We have taken to measuring our children’s success repeatedly
and then using that data to assess how we are teaching, who is teaching, where
funding should go and other important aspects of our education system. This sounds, on paper, like a great idea –
get the data and then respond to reality. So how could this go wrong?
Well, first, there is the experience of being tested to
contend with. Each test gives us
information about how students are doing – but the test is another educational
experience, as well. And that experience
affects our children. What does it feel
like, at the age of 5, to be just starting school and begin with a test? And, since it is a baseline test, you are
expected to fail it. And you do.
And you’re five. One kindergarten teacher described her students’ response: “They don’t know how to hold
pencils. They don’t know letters, and
you have answers that say A, B, C, or D and you’re asking them to bubble in. .
. . They break down; they cry.” Research shows that these tests can decrease
students’ love of learning (Jones et al., 80).
They may score well on a test, but also learn to dislike school. And the level of anxiety high-stakes testing
produces can make many students physically ill, with incidents of stomach aches
and headaches skyrocketing on test days (Jones et al., 95). Testing and the anxiety that accompanies it often
leads to lower scores (Cassady and Johnson 273), which then increases test
anxiety for the next test, creating a destructive cycle. Ironically, our measurements of how well our
students are learning may show less achievement than they would be capable of
without these measurements.
Second, there are limitations to what we can measure on a
standardized test. A multiple choice
instrument is not conducive to measuring creativity and imagination. You cannot see how a student arrived at an answer.

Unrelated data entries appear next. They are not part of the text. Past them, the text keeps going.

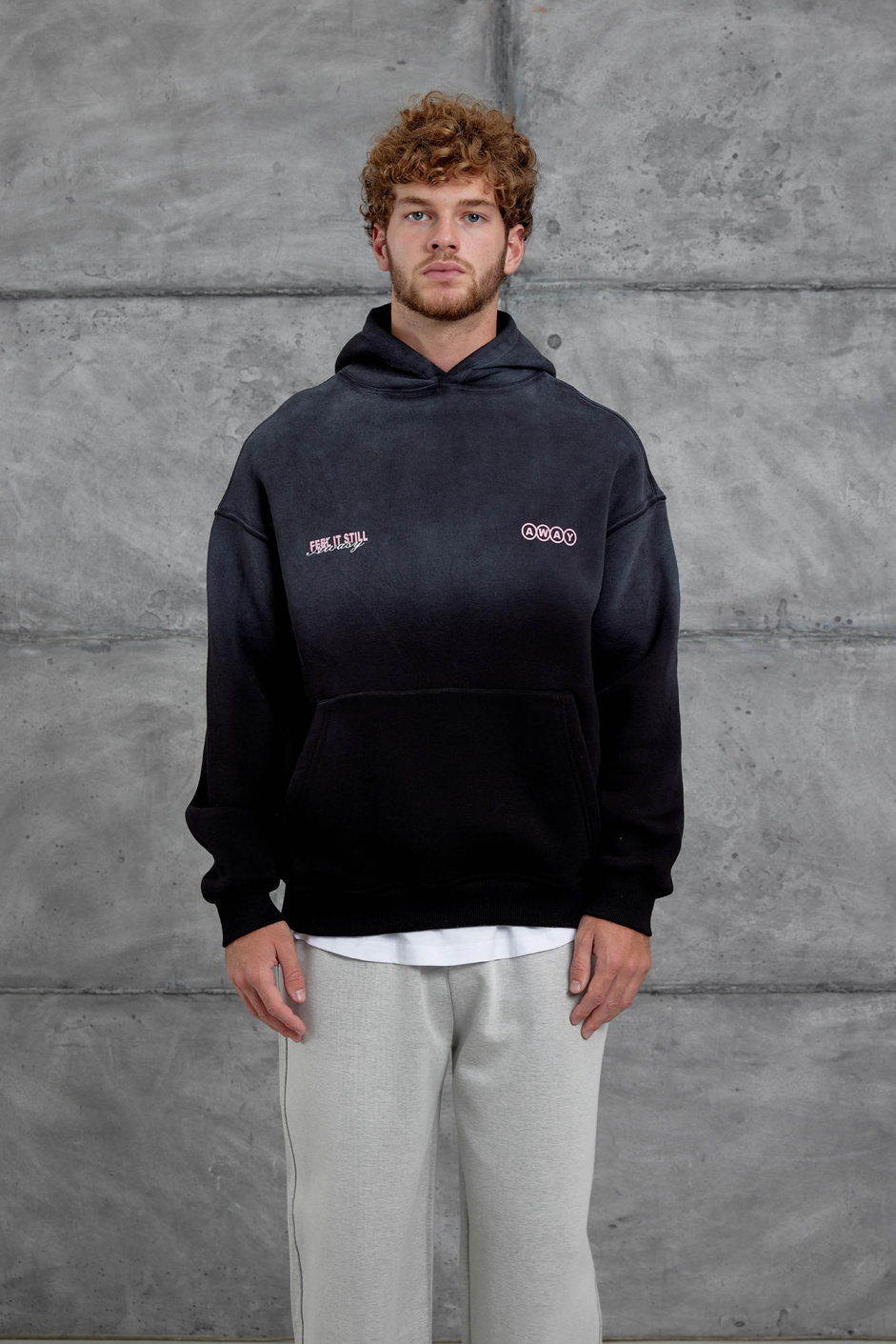 Siyah Esent Püskürtme Detaylı Oversize Sweatshirt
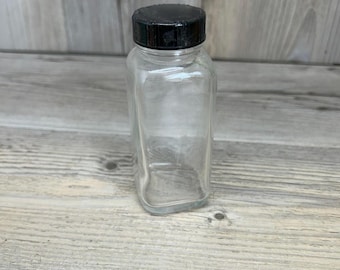 透明な薬用ガラス保存瓶、黒のねじ込み式蓋付き - Etsy 日本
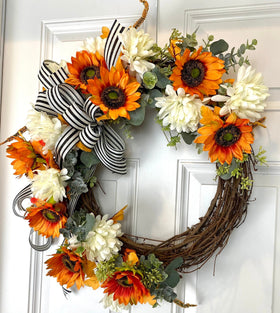 Fall Sunflower Mum Wreath Autumn Decor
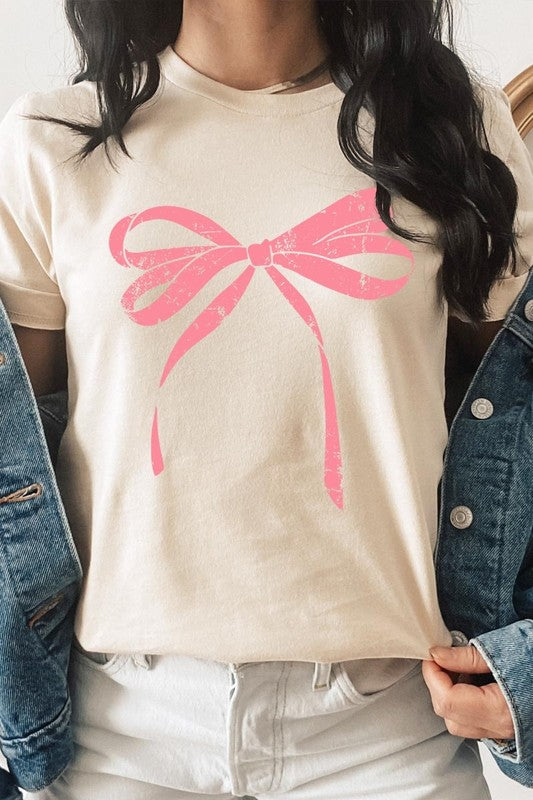 Pink Valentine Bow Graphic Tee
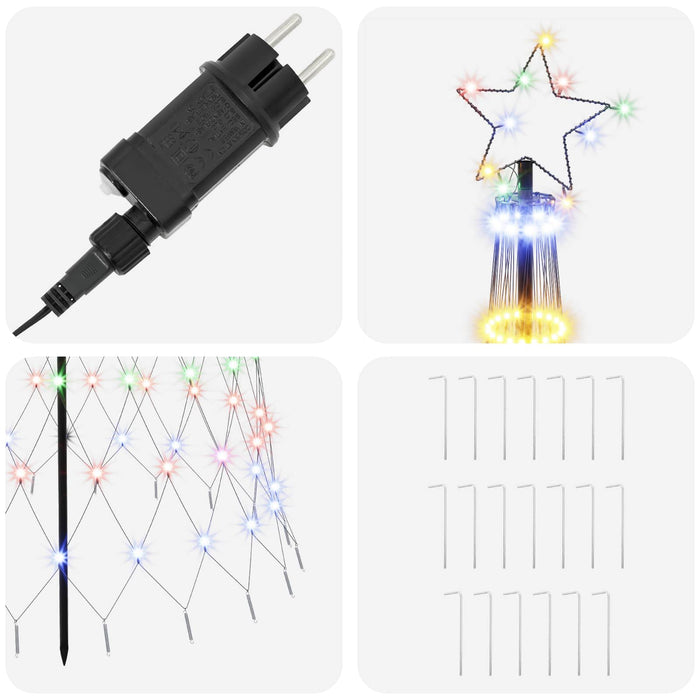 Brad de Crăciun LED 300 cm 350 LED-uri Multicolor Fier Negru WALTI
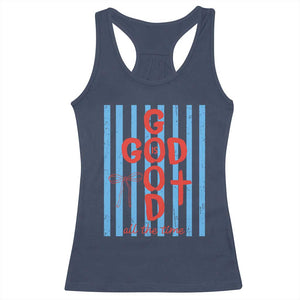 Christian Jesus Lovers Racerback Tank Top Striped Preppy God Is Good All The Time TS10 Navy Print Your Wear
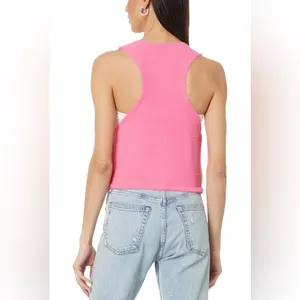 Free People x Intimately FP Top Womens Large Pink Warm Fluff Crop Top Y2K Knit thumbnail 2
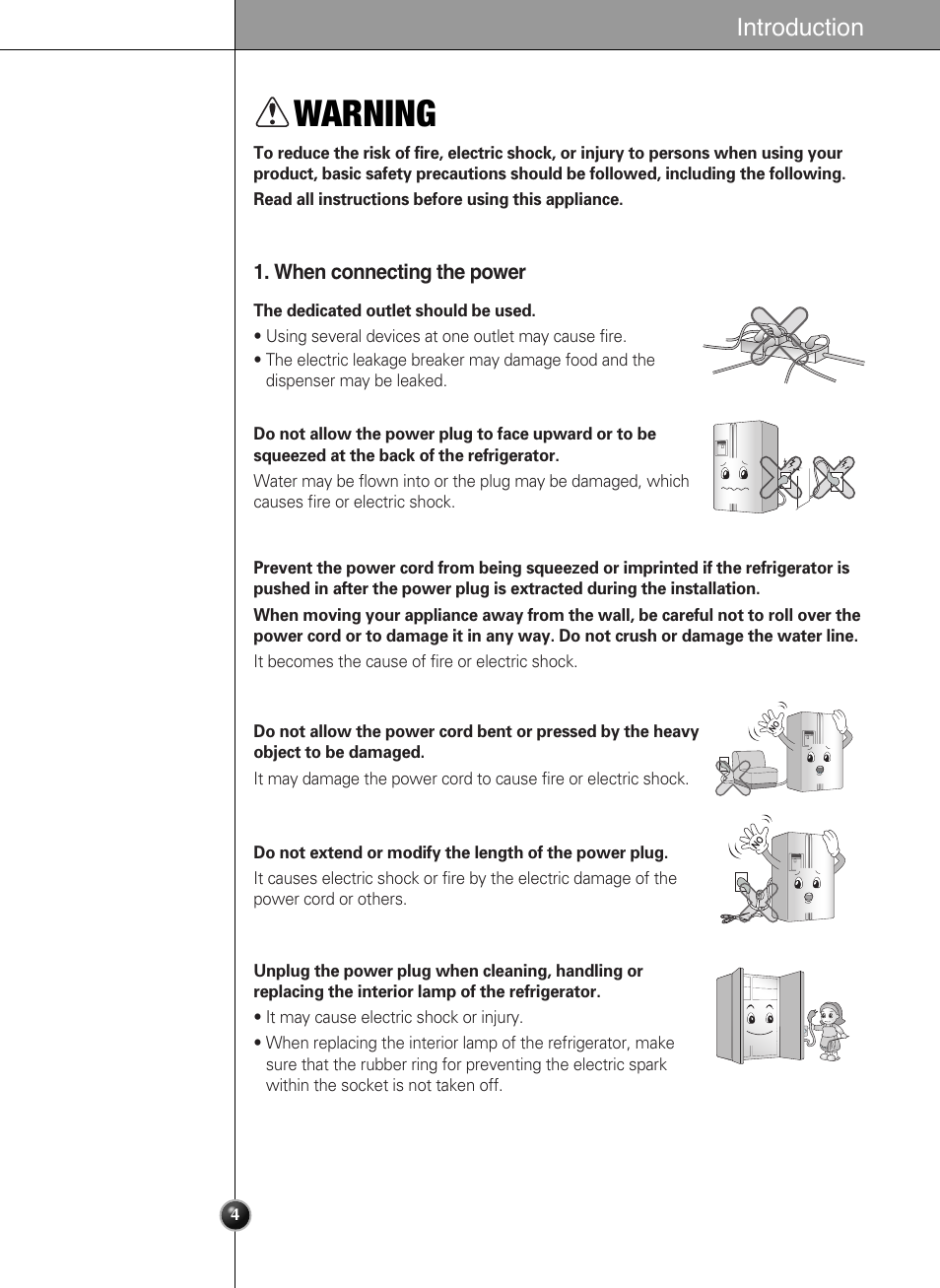 Warning, Introduction | LG LSC21943ST User Manual | Page 4 / 39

But, since more qualitative measures are difficult to score, we opt for
bubbling in A, B, C and D. These
multiple choice questions are best suited to lower level thinking skills like
memorization and description. Higher
level thinking like analysis and evaluation are difficult to test by choosing
one of four offered answers. Even memory
is not well tested by multiple choice, because the answer is written out for
the student and all she has to do is find it in the list – rather than recall
it herself. And don’t forget that a student
may have guessed the correct answer.
Standardized tests do not give us a window into the thought-processes of
students. As teachers, our goal is to
meet students where they are struggling and help them figure out the material,
but a score on a standardized test does not give us the information we need to
do so.
So what are children achieving when they score well on a
standardized test? They have prepped
well, their teacher has drilled them on the facts they need to know to pass the
test, and they have good memories. This
does not tell me if the student has new, creative ideas or if he is engaged by
reading The Giver or if he
understands the causes of the Civil War.
Albert Einstein once complained that coercive testing so turned him off
to learning that he gave up on science for a year. Are we losing some young Einsteins because of
our current emphasis on high stakes testing?
Bibliography
Cassady, Jerrell C. and Ronald E. Johnson. "Cognitive Test Anxiety and Academic Performance." Contemporary Educational Psychology. (2002) 27:270-295.
Jones, M. Gail, Brett D. Jones, and Tracy Y. Hargrove. The Unintended Consequences of High-Stakes Testing. Lanham, MD: Rowman and Littlefield, 2003.
Monahan, Rachel. "Kindergarten gets touch as kids are forced to bubble in multiple choice tests." New York Daily News. 10 Oct 2013.
"Multiple Choice Tests." FairTest. fairtest.org. 17 Aug 2007.